In his research project, he investigates the didactic literary basis for the German tuition at Waldorf schools, focusing on the 11th grade, where the examination of the Middle High German epic poem “Parzival” forms part of the curriculum. The work is not only the starting point for examining literature and linguistics, but, in view of the biographic situation of the students, the content of it is also especially suited to them as teaching material. In a phase of life in which they themselves are looking for direction, the text from the Middle Ages gives them a surprising number of points of reference: Based on Parzival’s fate, the young people can discuss timeless questions concerning identity and self-determination, and examine such topics as upbringing, love and the search for the meaning of life.
At the Post-Graduate School, Steinwachs appreciates the broad specialist range of the faculty, which consists of professors from various universities – including those in Rostock, Passau, Oldenburg or Leipzig. “That has fruitfully extended the exchange, because we could not be satisfied with internal and alleged self-evident truths”, he writes in a final report. “As a result, an extended and comprehensive academic perspective arose for me, which, after 17 years’ professional experience – also as a lecturer in teacher training – enabled me to take fresh perspectives on a Waldorf pedagogy viewed from an educational science and didactic point of view.”
The program is funded by SAGST, the Pedagogic Research Center at the Federation of Free Waldorf Schools, and the company Stockmar. “The Post-Graduate School of Waldorf Pedagogy is an important step towards also making the Waldorf pedagogy that has many times over been proven and tested academically accessible”, states Achim Grenz, Member of the Executive Board at SAGST. “Not least, we hope, thereby, to interest the next generation of undergraduates and graduates in scientific work, and thus also create the prerequisite for future post-doctoral professorship and research qualifications or professorships in the field of Waldorf Pedagogy.”

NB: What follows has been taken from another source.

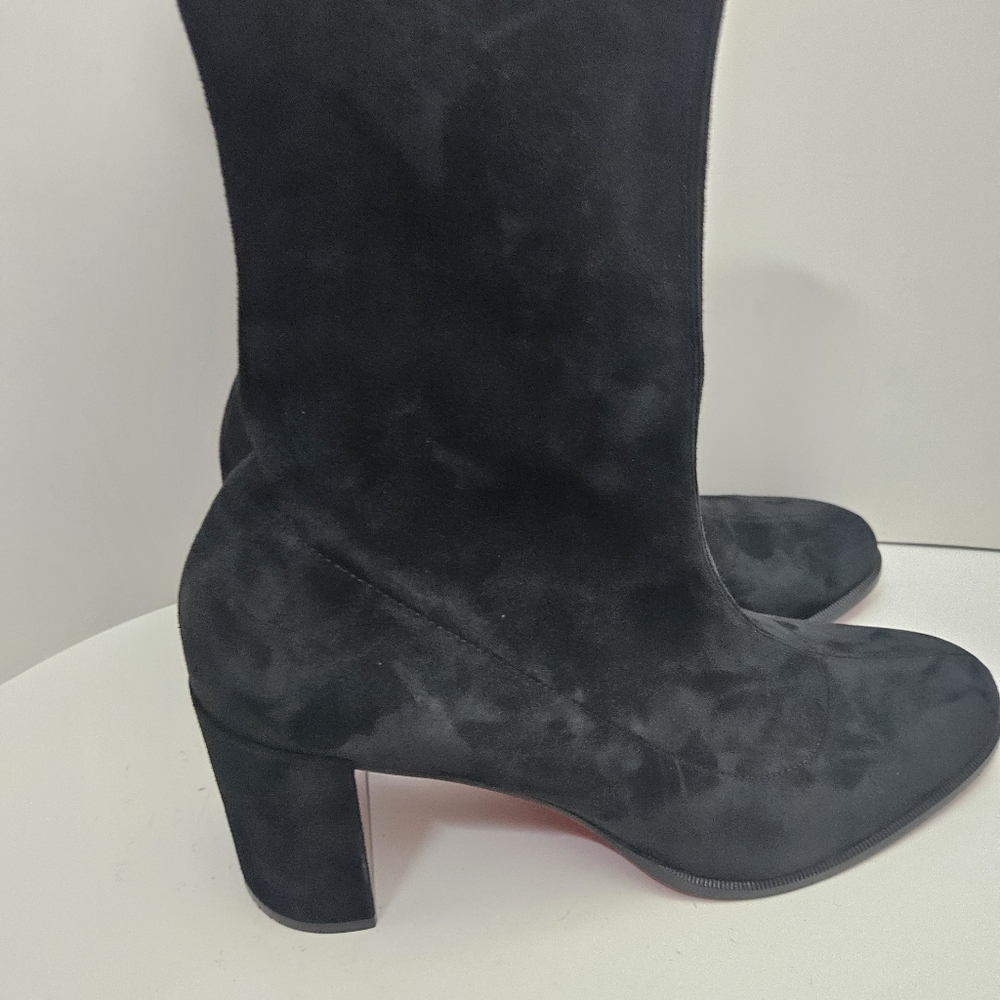 Christian Louboutin Adoxa Stretch Suede Red-Sole Booties "Missing One Zipper Pul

More on the Post-Graduate School of Waldorf Pedagogy:
The Post-Graduate School was launched at the Alanus University in 2015. It serves to promote the next generation of scientists within Waldorf pedagogy, and has set itself the aim of systematically taking up research questions from this field, pursuing them, and thereby integrating them into the academic examination. The School awards doctoral scholarships in the amount of a maximum of EUR 1,500 per month, and assists Ph.D. students for three years, not only financially, but also with courses, colloquiums and continuing scientific education. “In this way”, emphasizes Prof. Dr. Jost Schieren, Head of the Post-Graduate School, “the scholarship holders receive targeted assistance with their subject matter, in order to be able to discuss their Waldorf pedagogy doctoral thesis topic in the context of academic educational science. Besides those currently running, a further ten or so scholarships can be awarded.”